Garda hitch is one of the elementary hitches. It is used for example in self-rescue from a crevasse. Although it is simple to tie and works reliably with optimized setups, its application scope is limited by its unidirectional nature and high friction under load.[1] In very specific cases, it has safety issues (slippage). For the Garda hitch reliability, carabiner choice and testing prior to use is crucial. In many applications, Garda hitch can be replaced by a tuber with guide mode.

Tying

The two carabiners used for tying should be identical for the knot to work properly! D-shaped screw-gate carabiners are recommended. Tying a girth hitch on the top sling in order to fix the carabiners position is recommended (not drawn). It is highly recommended to test the suitability of the carabiners and rope intended for Garda in-advance in a safe environment.[2]

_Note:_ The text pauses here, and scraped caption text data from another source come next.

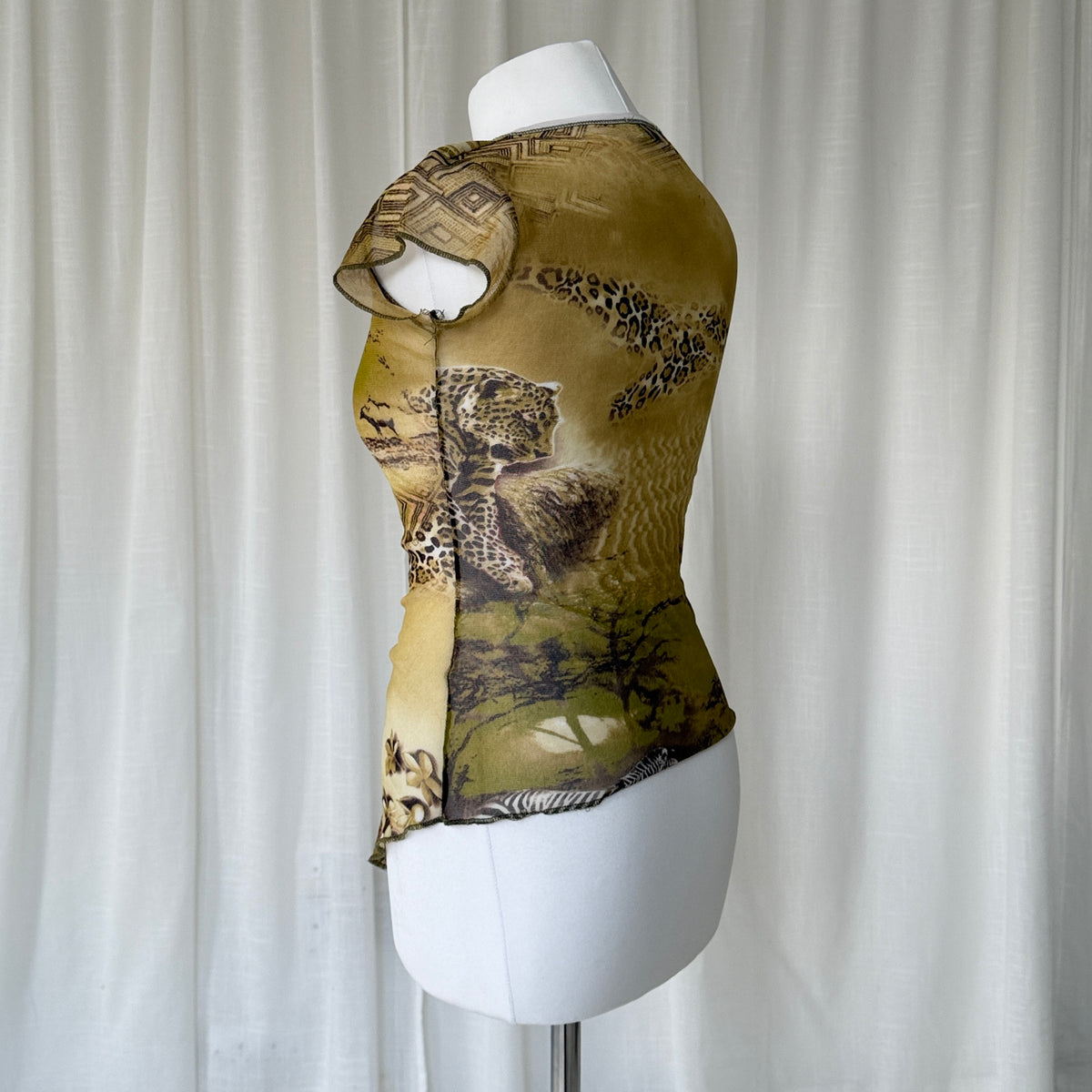 Mesh Asymmetrical Patchwork Top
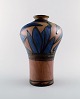 Kähler, HAK, 
glazed 
stoneware vase 
in modern 
design.
1930 / 40's. 
Cow horn 
technique. Blue 
...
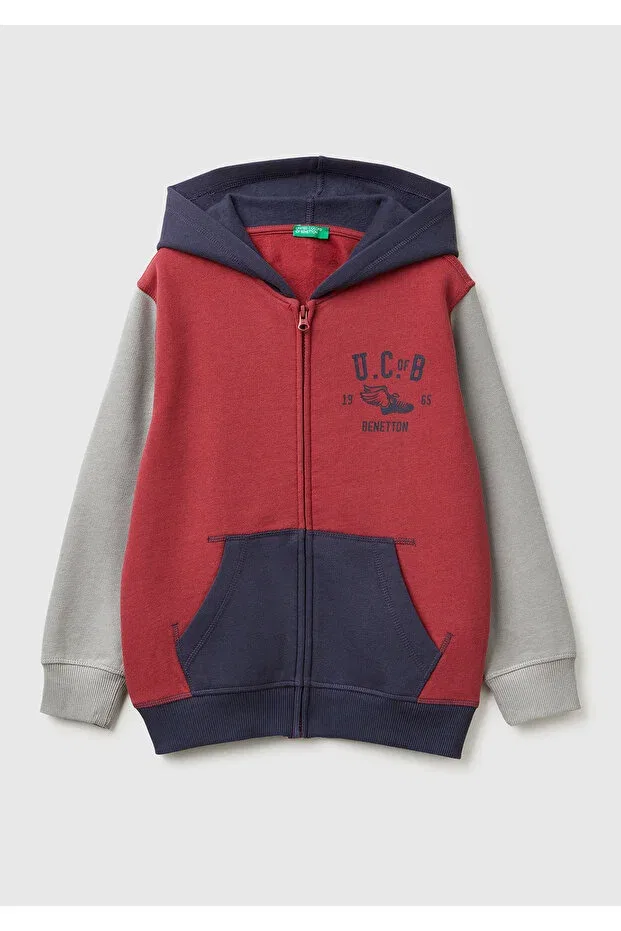 Детское для мальчиков свитшот с принтом United Colors Of Benetton, Burgundy-Grey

  • two opened screw-gate carabiners hanging on a sling with a rope being placed into them
    Hang a rope onto two carabiners (1)
  • two carabiners with a rope, front carabiner gate opened and arrow pointing to wrap the rope around it
    Wrap the rear strand around the front carabiner (2)
  • two carabiners on a sling with a rope wrapped in them, arrow pointing to dress the rope in a way to create garda
    Take the left strand of the rope and move it above the loop (3), Garda should seat itself into the corners of the D-carabiners
  • garda hitch on two screw-gate carabiners which hangs on a sling, arrows pointing to close the gate
    Secure the gates (4)
  • garda hitch on two locked screw gate carabiners hanging on a sling, eye icon
    Inspect the gates and the Garda hitch (5)

Carabiner choice

D-Shaped carabiners are recommended over other shapes.[2][4] Screw-gate carabiners are safe to use as long as the locks are not too bulky. Otherwise the carabiners might not snap properly. Movement of the rope in the system might unclip carabiners without gate locks.[3]

Slippage

Garda hitch is, in some cases, prone to slipping, as illustrated and studied by Ryan Jenks (HowNOT2).[4] In general, the smaller the rope diameter and the bigger/rounder the carabiners, the higher the chance that the hitch slips. The lowest recorded force when slippage occured was just 2.4 kN, when he used oval screw-gate carabiners together with a 6 mm nylon sling. In the case of a 9 mm nylon rope (diameter similar to most climbing ropes), limit force was generally around 8-10 kN (desheating), except when he used oval screw-gate carabiners (6 kN, slipping). As 8-10 kN is roughly twice the maximum force a climber experiences during a lead fall, slippage should not be an issue, as long as you use D-shaped carabiners together with a climbing rope.

References

  1. 1.0 1.1 Godino, John. "Progress capture - efficiencies of various devices". AlpineSavvy.com. Alpinesavvy LLC. Archived from the original on 19 November 2021. Retrieved 27 September 2025.
  2. 2.0 2.1 2.2 Maddaloni, Matt; Chelton, Neil. "The Garda Hitch (Alpine Clutch)". VDiffClimbing.com. VDiff Climbing. Archived from the original on 12 May 2025. Retrieved 27 September 2025.
  3. 3.0 3.1 Godino, John. "Pros and cons of the Garda Hitch". AlpineSavvy.com. Alpinesavvy LLC. Archived from the original on 27 September 2025. Retrieved 27 September 2025.
  4. 4.0 4.1 4.2 Jenks, Ryan (4 September 2024). Could you survive with just 2 carabiners?. HowNOT2. Retrieved 16 August 2025.